From 85,000 new flats a year proposed by Tung to the recent increase of stamp duty, our officials have achieved the opposite of what they wanted

PUBLISHED : Friday, 29 November, 2013, 4:27am
UPDATED : Tuesday, 03 December, 2013, 8:59am

Hong Kong officials invariably mean well. But it is uncanny how often government policies end up achieving not their intended effect, but the exact opposite.

Nowhere is this more true than in the property market.

Just consider the housing policy announced by the first post-handover administration. In a bid to boost his popularity, then chief executive Tung Chee-hwa promised to achieve a 70 per cent home ownership level within 10 years. To hit that target, he would back the construction of 85,000 flats a year by the public and private sectors combined.

In an overblown market that was already beginning to slide, it was exactly the wrong policy. Homeowners blamed the building plan for exacerbating the slump, and Tung's popularity ratings plunged.

Finally, in mid-2000, with home prices down 50 per cent, the government executed a U-turn, announcing that it had abandoned its policy.

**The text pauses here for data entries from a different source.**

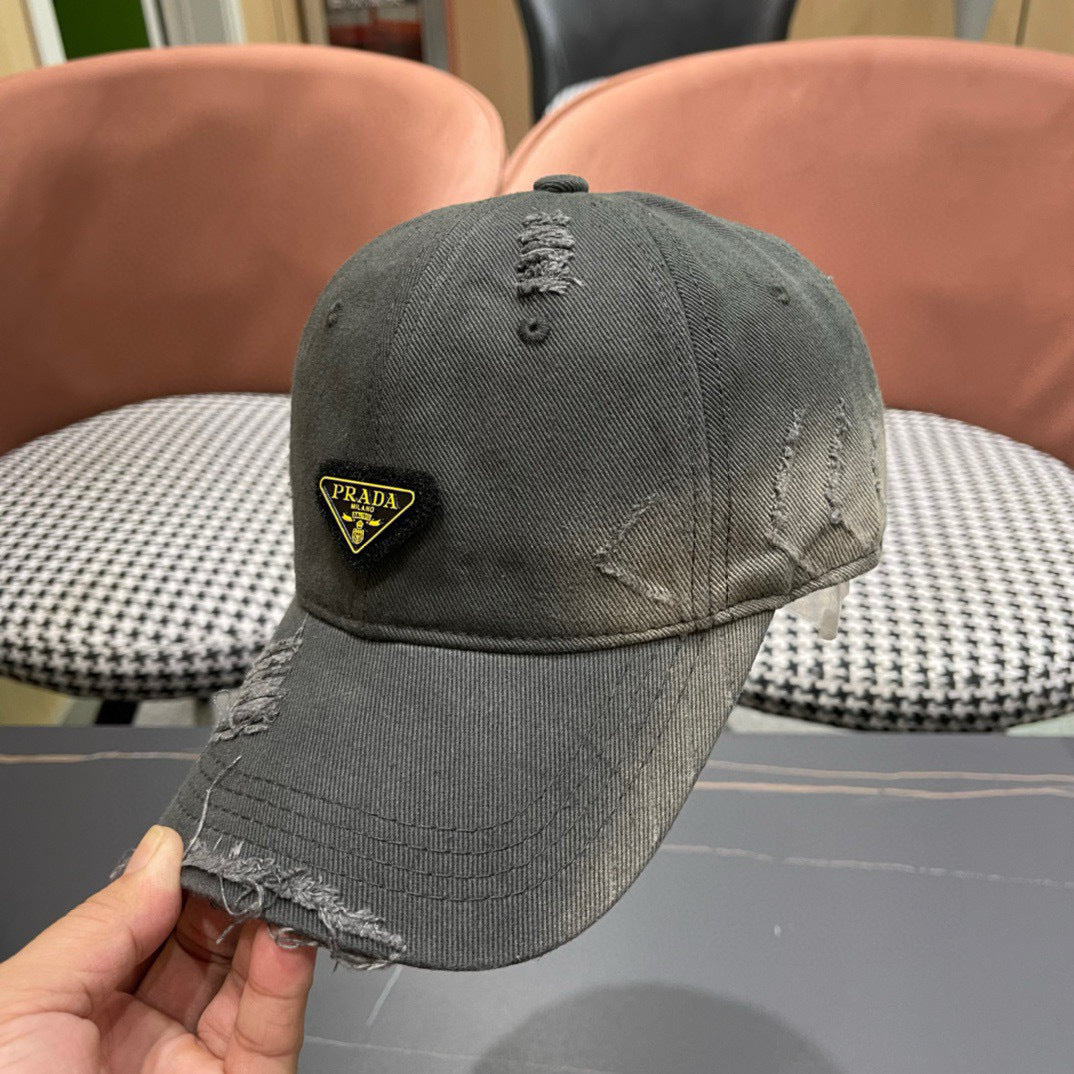 CASQUETTE PRADA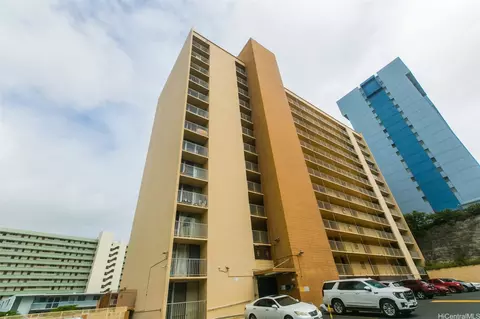 801 Ala Nioi Pl #706, Honolulu, HI 96818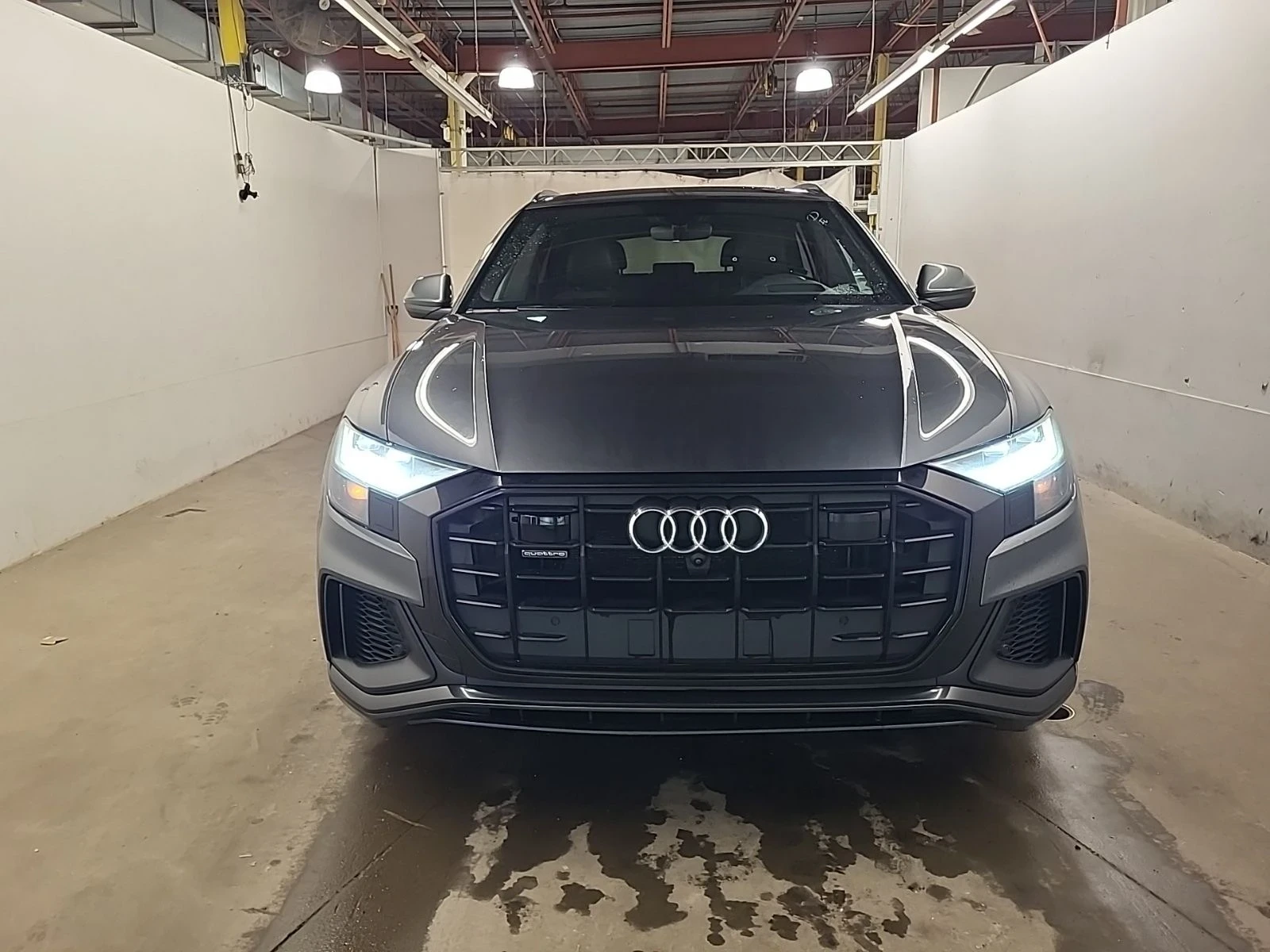 Audi Q8 Technik* S-line* Distronic* 360View* B&O* HUD* Мас, снимка 2 - Автомобили и джипове - 54055475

Instead of building, it would suspend land sales in an attempt to support the market.

The result of that U-turn is today's shortage of new housing, a shortage that has helped push home prices up to more than 13 times annual household incomes.

Recent government efforts to rein in the property bull market and make homes more affordable have proved similarly counterproductive.

When the government attempted in October last year to stamp out speculation and cool prices by jacking up its punitive tax on property owners who sell within three years of buying, Monitor warned dolorously that "raising special stamp duty rates will only backfire".

Now, just over a year later, it looks very much as if the special stamp duty has indeed done more harm than good.

It didn't just put new buyers off selling. As Paul Louie, the head of regional property research at Barclays, points out, it also deterred long-time owners. Although they would not have had to pay the duty on their existing flats, any new properties they might buy would be subject to the government's swingeing tax if they then sold again within three years - a big disincentive to selling in the first place.

The consequence was a steep fall in the number of flats for sale on the secondary market.

Naturally enough, the decline in supply helped to support property prices, meaning the increase in special stamp duty rates achieved precisely the opposite of its intended result.

The obvious solution would be to scrap the special stamp duty, but for the time being officials are insisting it will remain in place.

However, at some point over the next three years, Hong Kong housing prices are indeed likely to begin falling as mortgage rates go up in line with interest rate increases by the Federal Reserve in the United States.

And after prices have tumbled by an appreciable amount, say 15 or 20 per cent, local officials will get nervous and begin to look around for ways to support the market. In all probability, they will come up with the idea of finally getting rid of the special stamp duty.

If they do, it will only make things worse. With the deterrent to sell removed, homeowners will rush to put their flats on the market, pushing prices even lower and exacerbating the decline.

Once again, our well-intentioned officials will have achieved the opposite of what they wanted.

When prices do begin to slide, don't expect mainland buyers to step in and support the market.

As recent falls in the prices of gold and fine wines demonstrate, mainland investors are price-sensitive, but in the reverse of the usual sense.

They prefer to buy in a rising market. When prices come off, far from sensing a bargain, they only see a declining possibility of future gains.

As a result, when markets turn, mainland investors are the first to disappear.